[Data records — start]

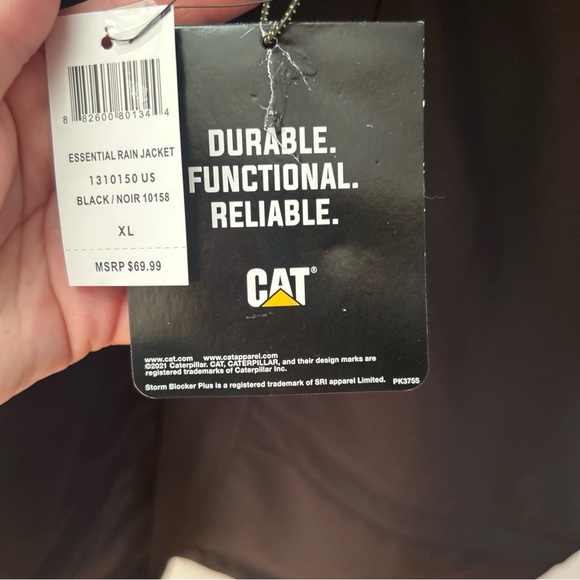 NWT XL Caterpillar Jacket Mens CAT Waterproof  Essential Rain Jacket 1310150 - Picture 7 of 16
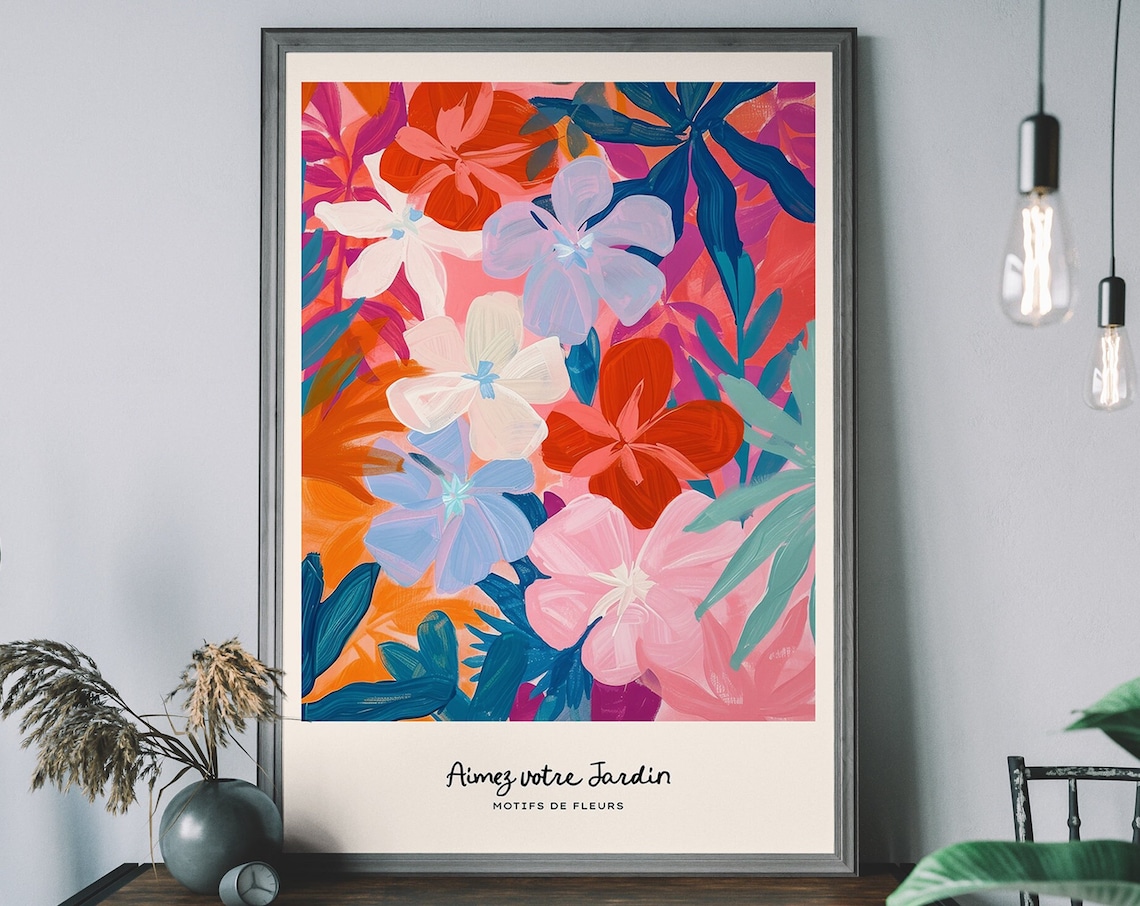 Aimez votre Jardin Vibrant Tropical Floral Pattern Motifs Poster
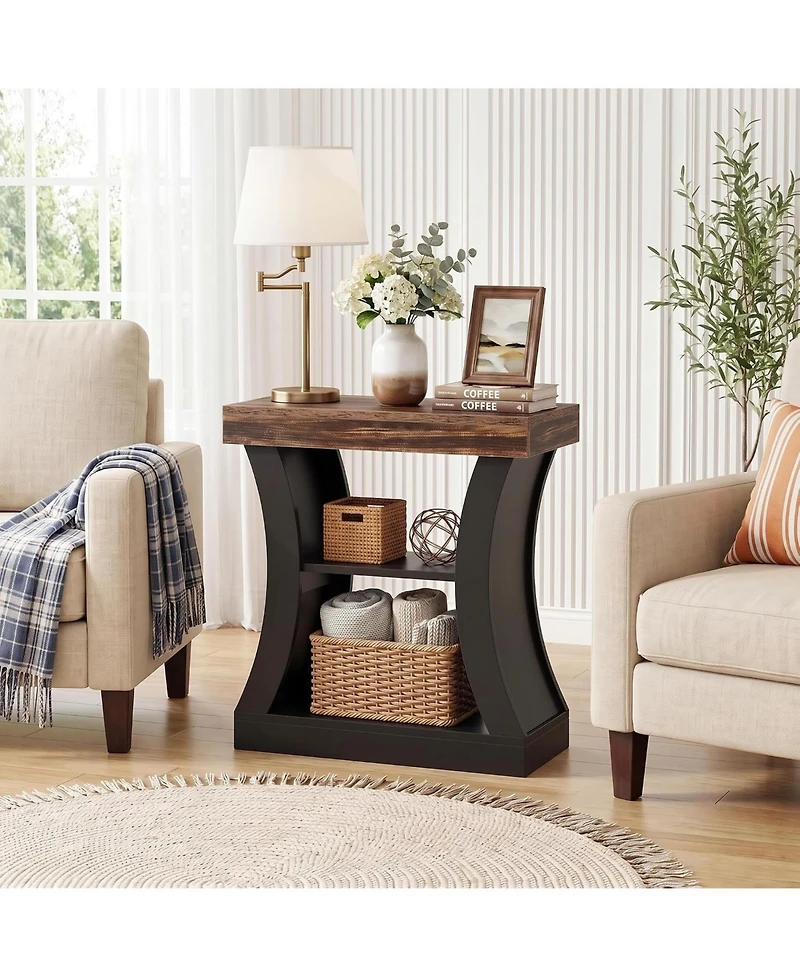 Tribesigns 31.5" 3-Tier End Table with Storage
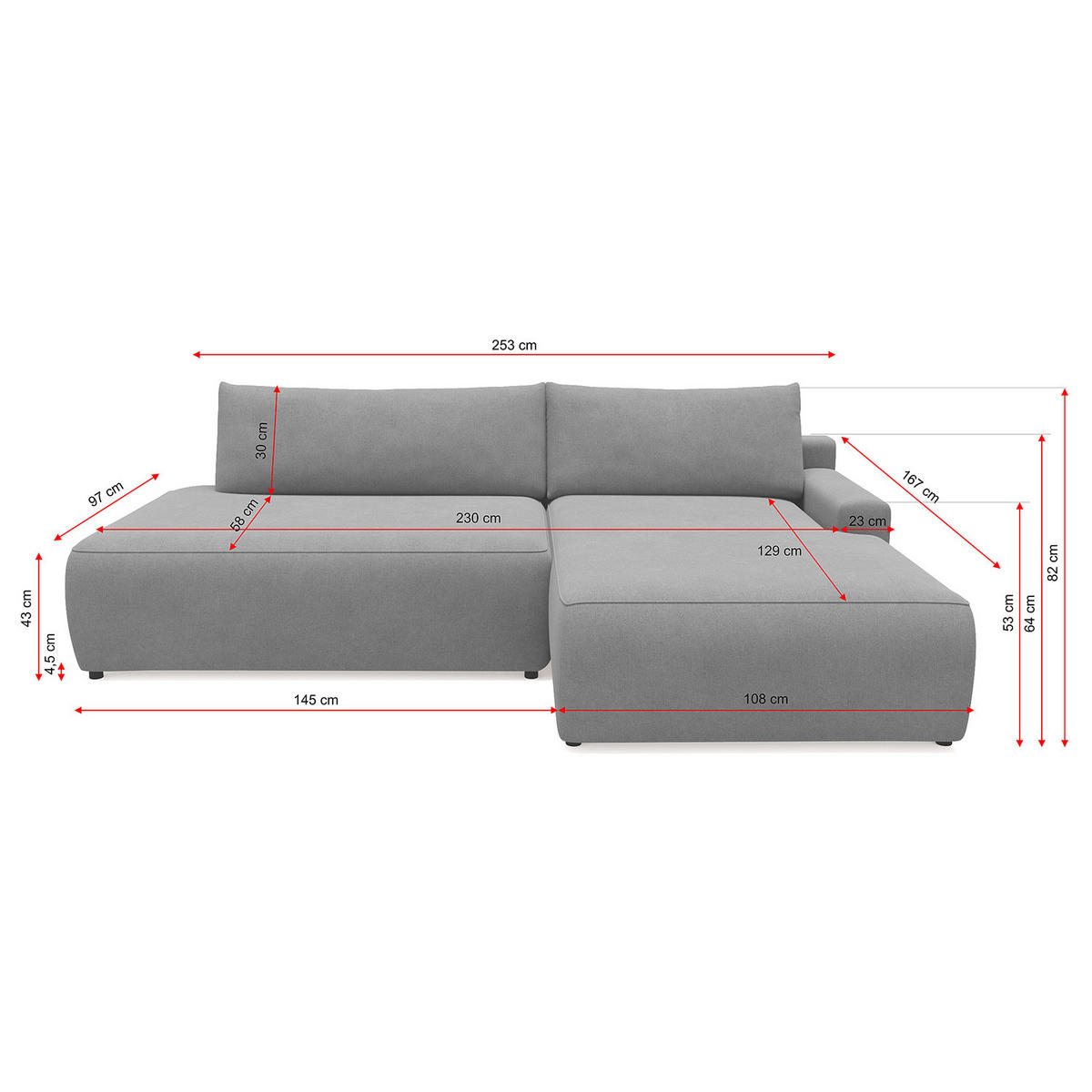 ECKSOFA mit Schlaffunktion - Longchair - Hellgrau/Schwarz, Kunststoff/Textil (253/167cm) - home24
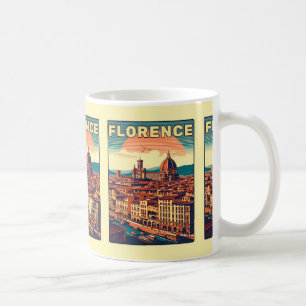 Caneca De Café Retro Florence, firenze os presentes de viagem itá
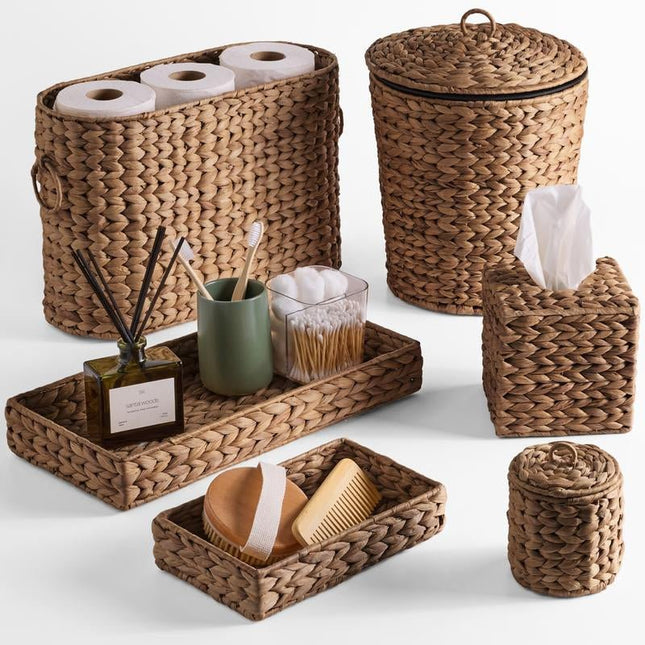 Best Choice Products 6 - Pc Water Hyacinth Bathroom Storage Set, Includes Trays, Trash Bin, Toilet Paper Storage, Tissue Box Cover, Garbage Can - Deribla Store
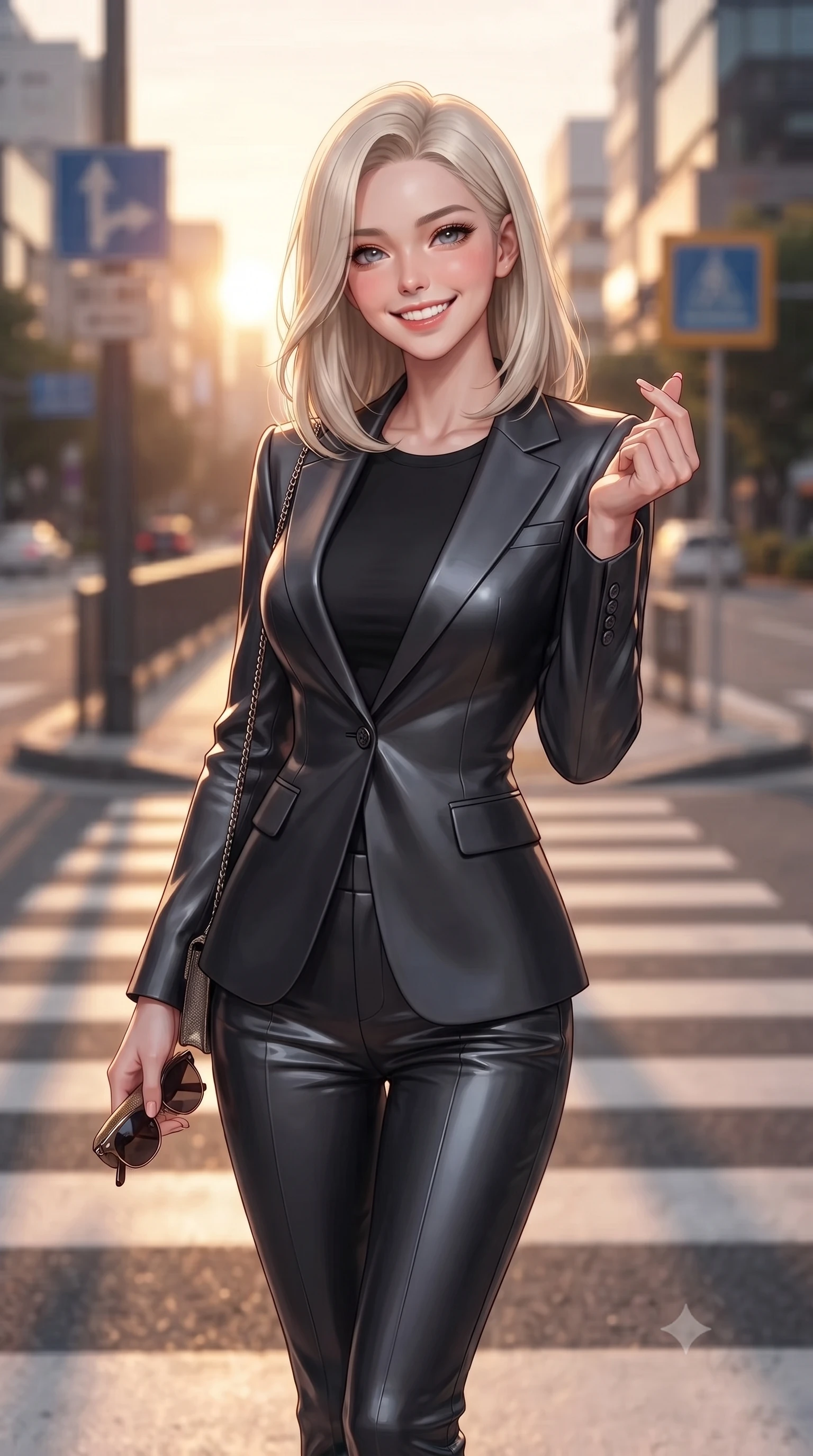 score_9, masterpiece, best quality, ultra-detailed, high-budget anime keyframe, editorial fashion photography, tasteful artistic composition, Caucasian woman. close-up cowboy shot from the waist and thighs up, the character dominates the composition, filling the frame with her large presence, background elements kept in soft focus. flashing a bright, sunny grin, holding her fingers in a cute small heart shape set against a soft-focus background of on a modern city street crossing with sleek crosswalk markings and signs holding a cute designer sunglasses case and a small chain bag. She has an exceptionally elegant, slender, and willowy female figure with an ultra-slim waist, a gracefully sculpted slender torso, and a refined silhouette. sharp v-shaped jawline, high-bridge nose, intricate jewel-like eyes with depth, thick eyelashes, glossy lips with a natural sheen. wearing form-contouring tight-fitting tailored blazer in charcoal, closed over a body-hugging black top and slim trousers. golden hour sunset light casting long shadow lines on the concrete pavement. ultra-reflective glossy finish, specular highlights, metallic sheen, high-contrast stereoscopic depth, volumetric dynamic lighting, 2k, ultra detail, master piece, 9:16 ratio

[Data records — finish]

#### Exercise prompt:
Type out the entries again without a single change, and leave the pictures out.

#### Answer to this problem:
 NWT XL Caterpillar Jacket Mens CAT Waterproof  Essential Rain Jacket 1310150 - Picture 7 of 16
 Aimez votre Jardin Vibrant Tropical Floral Pattern Motifs Poster
 Tribesigns 31.5" 3-Tier End Table with Storage
 ECKSOFA mit Schlaffunktion - Longchair - Hellgrau/Schwarz, Kunststoff/Textil (253/167cm) - home24
 Caneca De Café Retro Florence, firenze os presentes de viagem itá
 Best Choice Products 6 - Pc Water Hyacinth Bathroom Storage Set, Includes Trays, Trash Bin, Toilet Paper Storage, Tissue Box Cover, Garbage Can - Deribla Store
 score_9, masterpiece, best quality, ultra-detailed, high-budget anime keyframe, editorial fashion photography, tasteful artistic composition, Caucasian woman. close-up cowboy shot from the waist and thighs up, the character dominates the composition, filling the frame with her large presence, background elements kept in soft focus. flashing a bright, sunny grin, holding her fingers in a cute small heart shape set against a soft-focus background of on a modern city street crossing with sleek crosswalk markings and signs holding a cute designer sunglasses case and a small chain bag. She has an exceptionally elegant, slender, and willowy female figure with an ultra-slim waist, a gracefully sculpted slender torso, and a refined silhouette. sharp v-shaped jawline, high-bridge nose, intricate jewel-like eyes with depth, thick eyelashes, glossy lips with a natural sheen. wearing form-contouring tight-fitting tailored blazer in charcoal, closed over a body-hugging black top and slim trousers. golden hour sunset light casting long shadow lines on the concrete pavement. ultra-reflective glossy finish, specular highlights, metallic sheen, high-contrast stereoscopic depth, volumetric dynamic lighting, 2k, ultra detail, master piece, 9:16 ratio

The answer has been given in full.